Home About Addresses Topic Modeling Network Analysis Conclusions

Topic Modeling With MALLET

A topic model is a statistical model that uses a set of algorithms to find clusters or "topics" of words that appear together often in a corpus of texts. It can be used to trace themes, ideas, or specific terms throughout a corpus and map out where those features of the texts occur. The advantage of topic modeling is that it finds patterns implicit in the texts that casual markup may not yield. This can be useful in breaking down the makeup of a single text, but can also be integral to seeing how often a specific topic appears chronologically throughout the corpus. For our research question, we are looking at the prevalence of different policies over time to tease out historical trends. Thus, we use the latter approach.

MALLET is a java-based package that is used by digital humanists to perform topic modeling. It takes in a corpus of texts, rendered as .txt files, and produces a .mallet file. Once you have this file, you can run commands on it to produce topic models. The most important inputs you want to give the program are the input file (the aforementioned .mallet file, in this case inaugural.mallet, which contains condensed information about the corpus), and your paramters: the number of topics to produce, the number of words per topic, a set interval optimization, a number of iterations, and output "keys" and "composition" files. The first thing MALLET does is strip the corpus of all of the general words found in the English Language (e.g a, as, the), and then starts applying your given parameters. We picked 60 topics, which told the machine to find 60 unique clusters of words that appear together often. If you do a small number of topics, they will be too coarse and not meaningful, and if you do too many topics they will be too granular and none of them will appear in more than a few texts. It is a balancing act that requires some troubleshooting. Next, we told the machine to put 20 words in each cluster. This is the default and usually yields the best results. Interval Optimization allows the topics to have different weights, which means that some will appear more than others overall in the corpus. For statistical reasons, this generally yields better and more natural topics because it doesn't rigidly require that every topic appear equally often. Then, we told the machine to do 10,000 iterations. The number of iterations is also a balancing act; the higher it is, the more accurate, but it takes the program longer to run. 10,000 iterations takes about a minute to run, which is reasonable. Finally, we told the program to output a "keys" file that gives each topic with its words and weight, and a "composition" file that shows each .txt file's breakdown by topic. All the values in the "composition" file should add up to 1, or 100%.

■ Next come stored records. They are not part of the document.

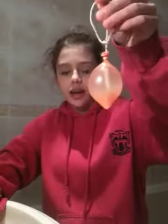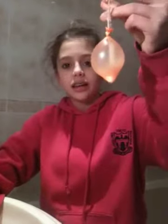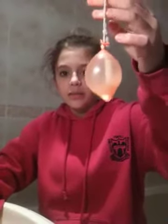Once you have finished this and tied a knot, you will need to put it in the freezer and leave it overnight so that it freezes. Once you are done, you cut as much water balloon as you can off the ice bubble. Then you hang it on your Christmas tree.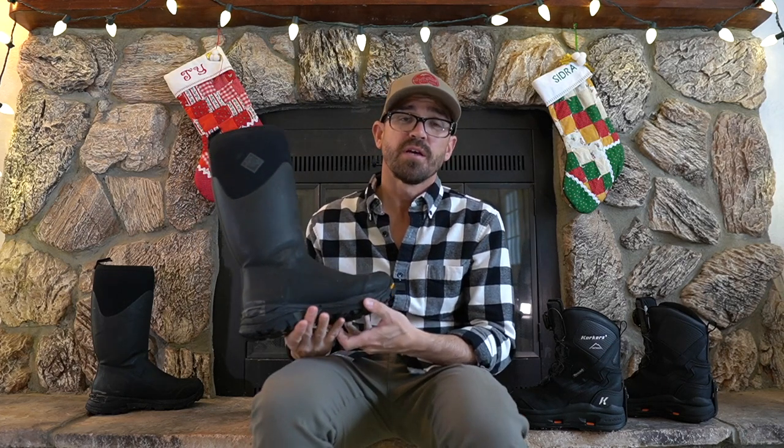Hey there guys. If you follow my channel you know that I'm a passionate ice angler and I spend a lot of time out on the ice here in the Pacific Northwest. We get varying ice conditions here from really hard slick ice in the cool and cold dry years versus in really wet years we get lots of slush and really challenging deep snow conditions. One of the things I struggle with is keeping my feet warm, so today I thought I'd talk about some of my experiences with a couple of different boots I use when ice fishing.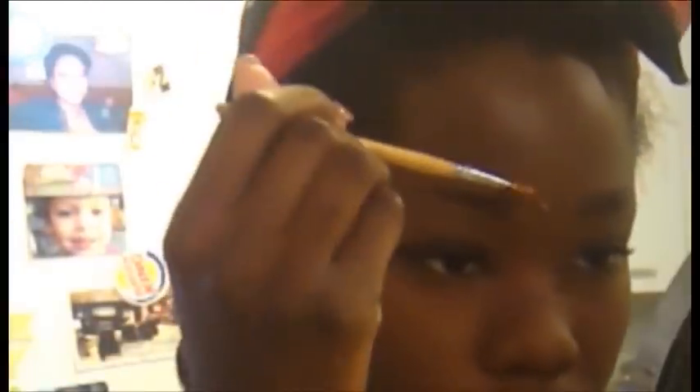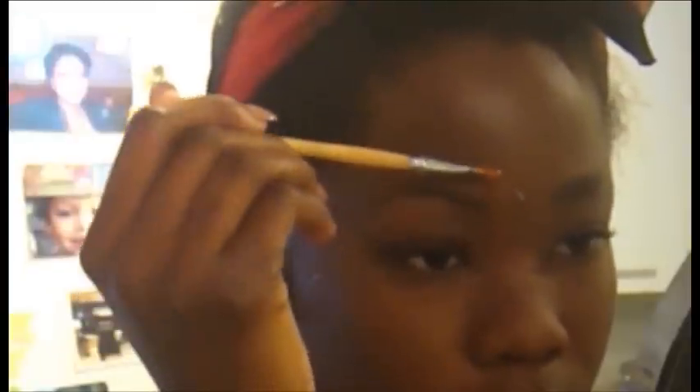I'm going to take my tweezers and just go over what I missed. Then I'm going to apply the wax on the top part of my brow. I don't want to go too close to my brow because I don't want it to be too thin — just getting the hairs that are a little sparse above my brow. Press down for about 10 seconds and then take that off holding the skin taut.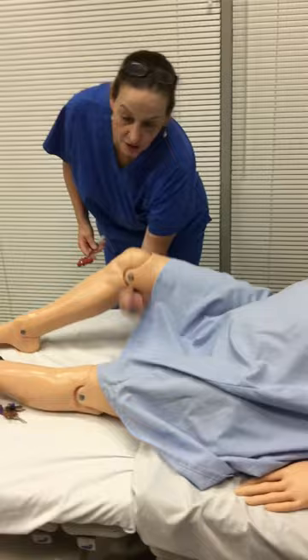So those are your deep tendon reflexes that you're going to assess. Practice and let us know if you have any questions.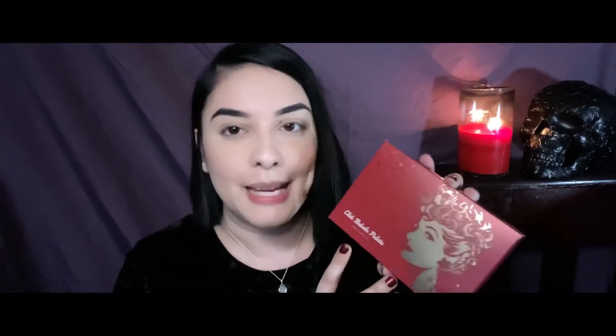Hello my fellow Wasteland Wanderers! It is me Yesenia, here today with a get ready with me video using my new latest palette, which is going to be the Club Babaloo palette from the I Love Lucy collection of Besame. If you want to see how I like the other products, go ahead and check out my previous video on my channel. But I'm going to go ahead and use this palette today just to show you guys the performance of these shadows.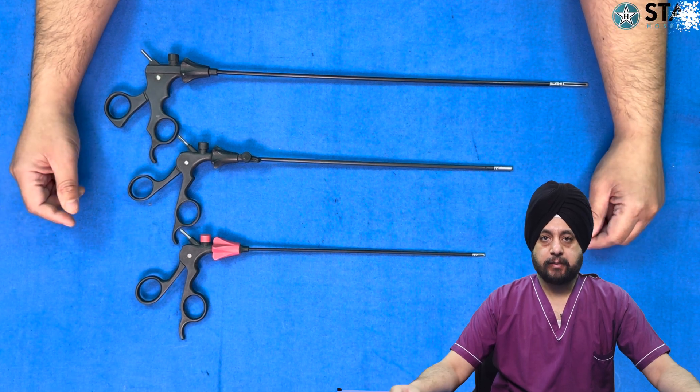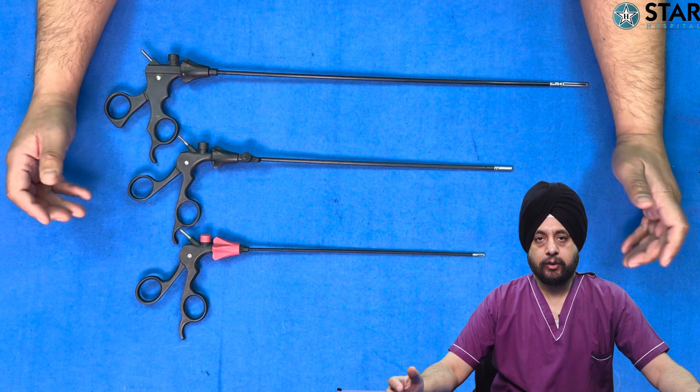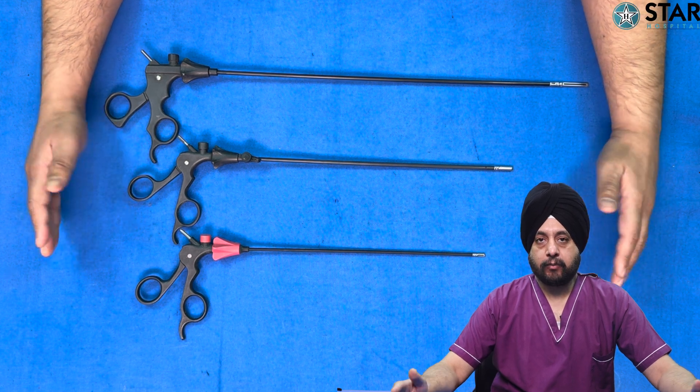Hello friends, today we will discuss about routine laparoscopic instruments. We will not include special instruments like those used in gynae, coagulation instruments, or advanced instruments. These are just routine laparoscopic instruments that we use for normal laparoscopic surgeries.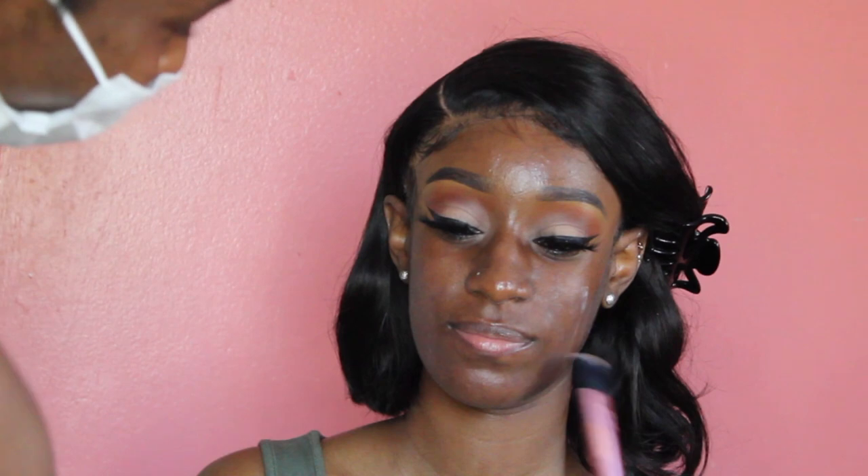For foundation, I took the ABH foundation in 500C and the NARS Natural Radiant Foundation in Namibia, mixed those together. I'm lightly adding the layer because it was hot — about 86 degrees that day — so I didn't want to layer on the makeup. I just applied it basically where she needed it and then went with the rest of the product for coverage.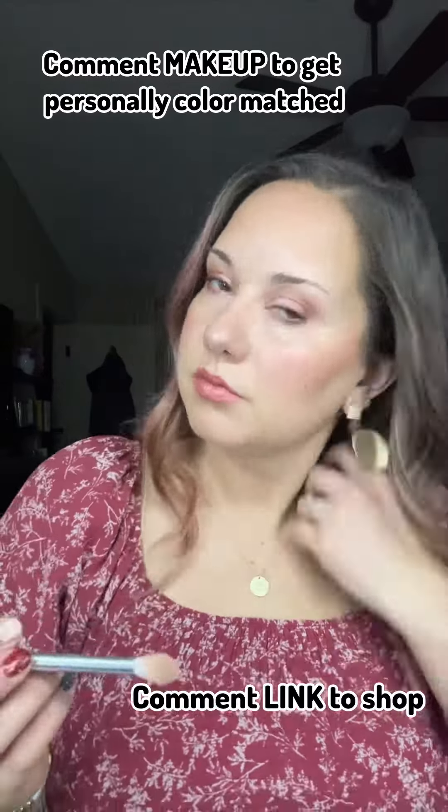If you'd like to try out this cream makeup, comment 'makeup' and I can personally color match you for your foundation colors, or if you're ready to shop, comment 'link'.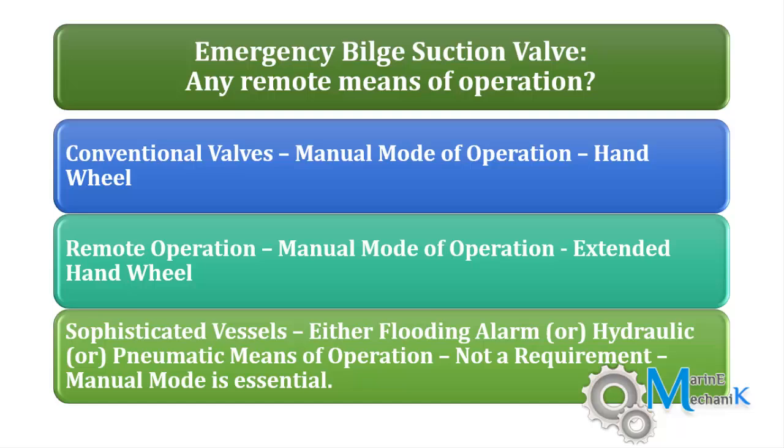This is provided so that even in case of flooding of the complete bottom platform, you will still be able to operate this valve. Certain later passenger ships will also have additional features like hydraulic or pneumatic means of operation.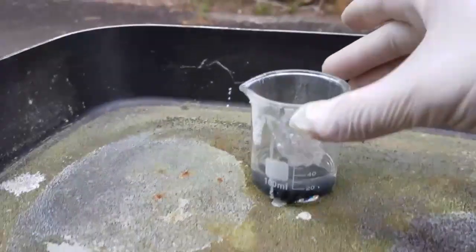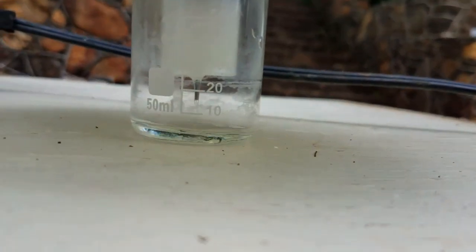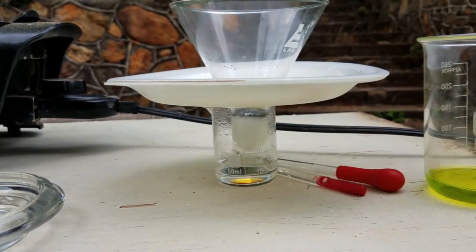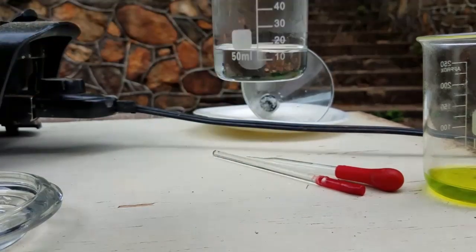There's some dirt on the glass, so now I need to filter the solution. This residue from the tin I will wash and use again next time — I just need to wash it in clean water.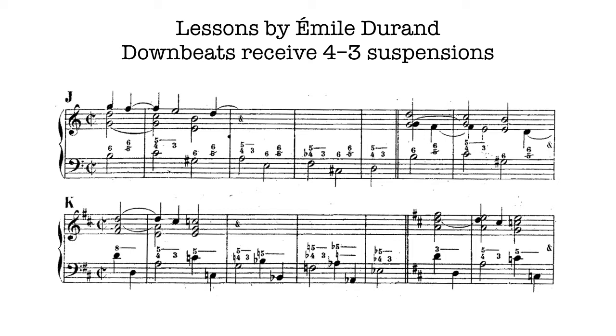Lesson J proceeds fully notated, and then just the bass is given, and the student has to realize the upper part. Then one begins again, after the double bar, in a different position — same notes, same sonorities, but now with the suspended voice in the alto or tenor range.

It is important to note that in a topic model with 60 topics, only some of them are going to be useable. Generally, the useable ones for this kind of analysis are topics with a fairly high weight (so it appears in many texts) that have 20 words that are meaningful together. This part of the analysis the computer cant do; it is up to the researcher to give names to each topic. Below is a sample from the "keys" file, with topics that we will be looking at:

Topic Number Topic Name Weight Words
1 Monetary Policy & Currency .02645 gold dollar specie pay ratification paying house coined closed twenty-five ultimately debt lower greatest resumed commanding contingency advisable safer senate
6 Foreign Policy .30722 war commerce revenue force peace industry equally honorable produce defense reason resources practice countries sovereignty treaty effect enter wars nations
11 States' Rights & Federalism .6059 constitution union states foreign state rights powers duties fellow-citizens general interests government executive policy principles principle power constitutional opinion proper
15 Globalization & Industry .26464 world economic civilization opportunity industrial responsibility peoples justice cooperation hold essential ideals social cost national standards problems business private face
29 Slavery .10721 slavery purpose attention south supreme commercial suffrage north cease grave dispute races party contest perpetual cherish universal material conclusive custom
32 Civil Service & Rule of Law .25225 laws public service law respect provided large citizenship enforce development reform expect class advancement patriotic population officers presence oath efficient
36 Trade & Budget .21069 business congress law policy trade tariff legislation popular taxation revenue methods currency expenditures conditions consideration failure effort mutual make session
41 Civil Rights .03067 race proper south negro passed feeling interstate prevent amendment change hope army bill canal issue protection predecessor railroads exercise jurisdiction

Here we see 8 unique topics, with their weights and associated words. The "keys" file included everything but the Topic Name column, which we added. These topic names are not perfect, but we do our best to capture the general theme of the topics. For example, look at Topic 1. We see words like "gold, dollar, specie, pay, paying, coined, debt, lower, greatest" and can discern a pretty good general topic theme: monetary policy and currency. You will also notice that some of these topics have a much higher weight than others. The ones with higher weight are generally more useful, as you will see in the data visualization. However, the words in the topics with less weight may appear more specific than the words in the topics with more weight. This makes sense, because topics with less weight appear less, and thus the machine picks up on more specific words within that topic because there are simply less words. These 8 topics represented the topics which best implied a certain policy. 6, 11, 15, 29, 32, and 36 in particular yielded useful historical trends when graphed using the "composition" file.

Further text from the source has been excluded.